How long have you been blogging?

I’ve been blogging pretty regularly since 2003, but I narrowed my focus down to running exclusively in 2008. My old blogs are gone and forgotten, which is probably for the better.

Why should people listen to you?

No one should listen to me. I am not an expert, or a pro, or anyone with any real knowledge about running or health or fitness or anything. But there’s nothing wrong with taking the opinion of an ordinary guy and his experiences with running and see how that compares with what the pros and experts say to make up your own mind about running and stuff regarding running. I’ll be the ordinary guy in that equation.

What have you learned since becoming a runner?

Running isn’t nearly as inexpensive as you might think.

What positive effects has running had on your life?

Wow, there are many. Health, both physical and mental. Friends I’ve made through running. Giving me something to write about and having a few people read what I write.

Any negative effects?

Not really, but I guess one is that if I’m training for something like a marathon, I feel like I become a slave to my training program. And setting an alarm for 4 a.m. to get a 9-miler in before work isn’t completely positive all the time. And while I’ve been lucky to have not suffered any serious running-related injuries, it’s hard to see my running friends deal with theirs.

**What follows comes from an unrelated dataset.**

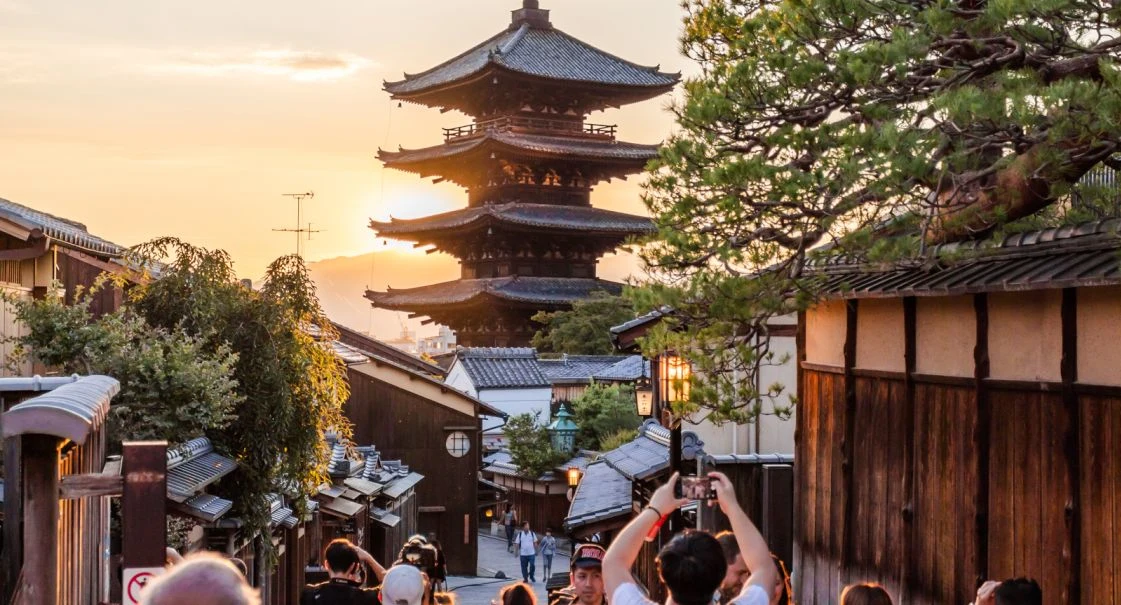 Kickstart Kyoto: Intro to Japan’s historic jewel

Tell us about your favorite pair of running shoes. What brands do you love/hate?

I had a long-time affair with the Asics Gel-Cumulus until the latest update came out (Gel-Cumulus 12). It just doesn’t work for me, so I’ve been out in the running shoe wilderness some lately.

I’ve gravitated toward Saucony and their minimalist Mirage and Kinvara lines of shoes. The more I run in my Mirages the more I like them. They feel so light on my feet and seem to eliminate most of the fatigue I feel in my legs during mid-distance runs of about 10K or so. I’m still looking for the shoe in which to push further than 10 miles. I’m down to my last pair of Asics Gel-Cumulus 11s for those runs.

The brand I haven’t been able to run in at all is Nike. I don’t know why, but I always manage to roll my ankle whenever I wear them for a run. So, I fear them.

Also, this isn’t a brand, but I can’t wear blue shoes, even though blue is my favorite color. I always struggle when I wear blue shoes of any brand.

What’s your goal for the next year?

It’s been a while since I ran a marathon, and I’ll be running the Marine Corps Marathon this fall. My only goal for the next year right now is to run across the finish line at the Marine Corps War Memorial on October 30, 2011.

What’s your advice to folks out there longing to be active but always making up excuses to not do it?

It’s really cliché, but it’s also really true that the hardest part of running or doing anything active is taking that first step out of the door to do it. Once you start, you’ll be so happy you did. Some of my best runs have come on days when I wanted to run the least and I’ve never, ever regretted making an effort to exercise or be active. I’ve certainly regretted not making the effort though.

I’ve known people who were worried about how they would look while they were running or walking or lifting weights in a gym, and the truth is that no one cares. In fact, I’m willing to bet that if someone sees you making an effort, even if he or she is as fit as possible, they’ll be more impressed by your making effort than what you look like making it. They probably won’t even notice how you look exercising, and if they do and they think you do things a little better they’ll probably come over and show you how.

What’s something you wish you had known before becoming a runner?

I wish I would have known — sorry for the pun — how far running can take you. Because of running, I’ve traveled to places I never would have, met people I never would have, and attempted to do things I never would have, and it’s all because I became a runner.